O desconhecido outside linebacker Pat Jones II fez dois sacks em Brock Purdy na Semana 2 e lidera o time com 4.0, mas seu desempenho nos primeiros downs e a atenção que ele atraiu nos terceiros downs se destacam para Flores.
"São esses outros snaps que estou observando. Eu gosto dos sacks também, não me entenda mal", disse Flores sobre o forte começo de Jones.
Houve muita especulação na offseason sobre o fim do pass rush de Minnesota depois que Danielle Hunter saiu na agência livre. Mas os Vikings têm 10,0 sacks, quatro takeaways e permitem 11,5 pontos (terceiro na NFL) durante um começo perfeito que alguns não previram.
"Jogamos defesa de equipe. Não sei quem vai fazer a jogada. O que eu gosto de ver é uma série de jogadores fazendo jogadas, não é um show de um homem só", disse Flores. "Só temos que manter a cabeça baixa e continuar trabalhando."
Minnesota sabe que não deve exagerar na Semana 3. Os Vikings começaram a temporada passada com 0-3, depois venceram seis de sete jogos, apenas para sucumbir sob o peso das lesões — do wide receiver Justin Jefferson e do então quarterback Kirk Cousins — e terminaram com 7-10.

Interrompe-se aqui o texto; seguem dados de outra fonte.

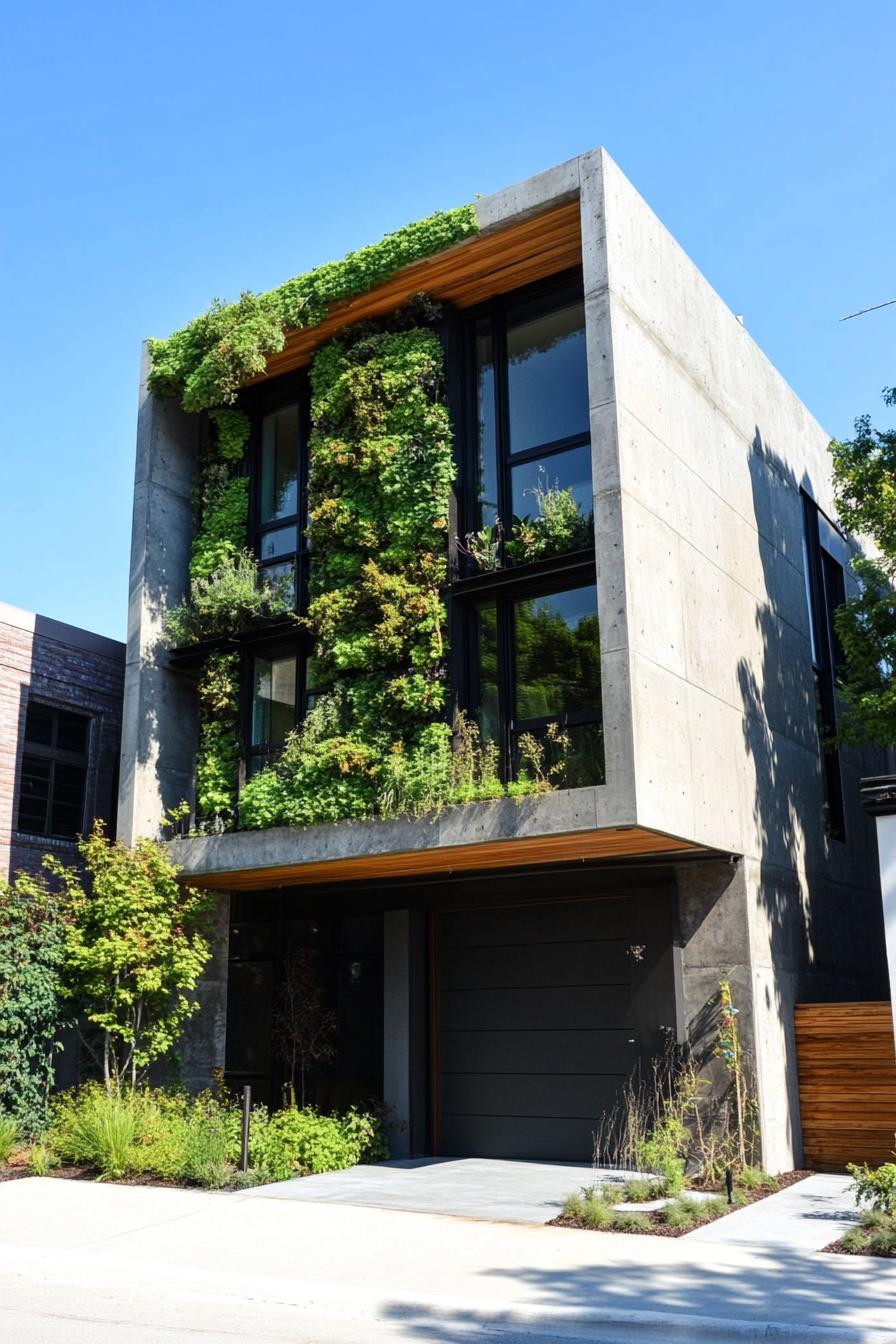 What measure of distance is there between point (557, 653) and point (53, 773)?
8.20m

Em 2016, eles começaram com 5-0, mas terminaram o ano com 8-8.
Mas, em relação aos primeiros passos, os Vikings gostam de onde estão em setembro — o único time invicto na NFC Norte.
Flores sentiu que a maré estava mudando após desenvolver uma visão do que sua defesa poderia ser na agência livre. Ele colaborou com a equipe de olheiros e a diretoria sabendo que o plano era "um pouco diferente". Ele sentiu que encontrar o equilíbrio no início da temporada foi um ponto de lançamento crítico, e os Vikings executaram a visão com perfeição com vitórias sobre o New York Giants e o San Francisco 49ers.

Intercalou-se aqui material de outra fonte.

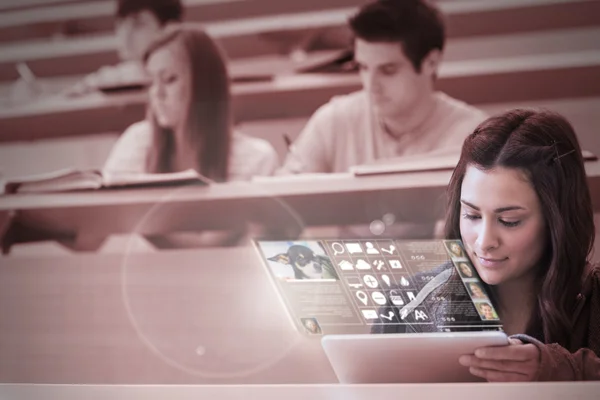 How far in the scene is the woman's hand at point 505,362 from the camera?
1234mm

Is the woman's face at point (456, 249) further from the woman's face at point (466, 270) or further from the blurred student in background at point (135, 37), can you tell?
the blurred student in background at point (135, 37)

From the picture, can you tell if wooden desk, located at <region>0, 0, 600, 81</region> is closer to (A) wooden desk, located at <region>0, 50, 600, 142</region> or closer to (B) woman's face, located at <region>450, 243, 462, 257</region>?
(A) wooden desk, located at <region>0, 50, 600, 142</region>

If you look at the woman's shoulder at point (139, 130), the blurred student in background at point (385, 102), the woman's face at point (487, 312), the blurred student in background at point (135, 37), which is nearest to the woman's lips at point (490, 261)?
the woman's face at point (487, 312)

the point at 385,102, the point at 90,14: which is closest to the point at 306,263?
the point at 385,102

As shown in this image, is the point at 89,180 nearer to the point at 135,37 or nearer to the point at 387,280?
the point at 135,37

"Não é uma lista de compras -- há outros fatores, orçamentos, teto salarial. Mas certamente há uma visão no início. Assistir a isso meio que ganhar vida tem sido bem legal. Mas ainda é cedo. Temos que continuar a construir."
Uma contratação crítica que ajudou significativamente foi trazer o produto Blake Cashman de Eden Prairie, Minn. Criado como fã dos Vikings, Cashman e seu irmão costumavam cortar gramados para jogadores da NFL, incluindo o running back Adrian Peterson.

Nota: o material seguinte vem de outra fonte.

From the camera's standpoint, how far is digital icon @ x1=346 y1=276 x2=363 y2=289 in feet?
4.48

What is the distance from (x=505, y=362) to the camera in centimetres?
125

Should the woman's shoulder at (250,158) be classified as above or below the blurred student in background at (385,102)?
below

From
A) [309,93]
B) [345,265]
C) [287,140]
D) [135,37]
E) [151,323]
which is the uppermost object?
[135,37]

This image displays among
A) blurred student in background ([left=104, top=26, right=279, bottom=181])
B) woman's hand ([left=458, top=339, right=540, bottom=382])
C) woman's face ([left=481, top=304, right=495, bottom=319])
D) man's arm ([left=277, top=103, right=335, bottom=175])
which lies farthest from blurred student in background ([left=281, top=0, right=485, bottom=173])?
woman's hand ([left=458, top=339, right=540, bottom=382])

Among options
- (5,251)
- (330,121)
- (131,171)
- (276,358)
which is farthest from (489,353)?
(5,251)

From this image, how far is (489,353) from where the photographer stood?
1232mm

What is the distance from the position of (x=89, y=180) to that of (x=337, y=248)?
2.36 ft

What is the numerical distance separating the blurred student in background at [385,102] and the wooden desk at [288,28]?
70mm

Cornerback e linebacker de um time campeão estadual do ensino médio na mesma cidade onde fica a sede do time dos Vikings, além de companheiro de equipe do safety dos Buccaneers, Antoine Winfield Jr., Cashman foi recrutado com pouca frequência pela Universidade de Minnesota.
Cashman se desenvolveu com o Houston Texans após ser recrutado na sexta rodada pelo New York Jets. Flores pressionou por sua contratação após relembrar uma conversa com o treinador de linebackers de Cashman em Minnesota, Mike Sherels.
Perspectiva de Sherels: elogios e projeções de seu impacto potencial foram extraordinários.
Flores criou uma visão para Cashman, e os Vikings o contrataram em março com um acordo de US$ 22,5 milhões por três anos. Até agora, Cashman está superando as expectativas, especialmente em termos de comunicação e de colocar as pessoas no lugar certo, disse Flores.
"Ele é grande em 'onde está minha ajuda e como posso ajudar outra pessoa?' É uma grande parte da defesa da equipe", disse Flores. "Estou animado por tê-lo. Animado para continuar trabalhando com ele."
Hunter desembarcou com os Texans (2-0) e vai para Minneapolis como uma figura-chave na corrida de passe de Houston. Ele tem 1,5 dos 9,0 sacks dos Texans em 2023.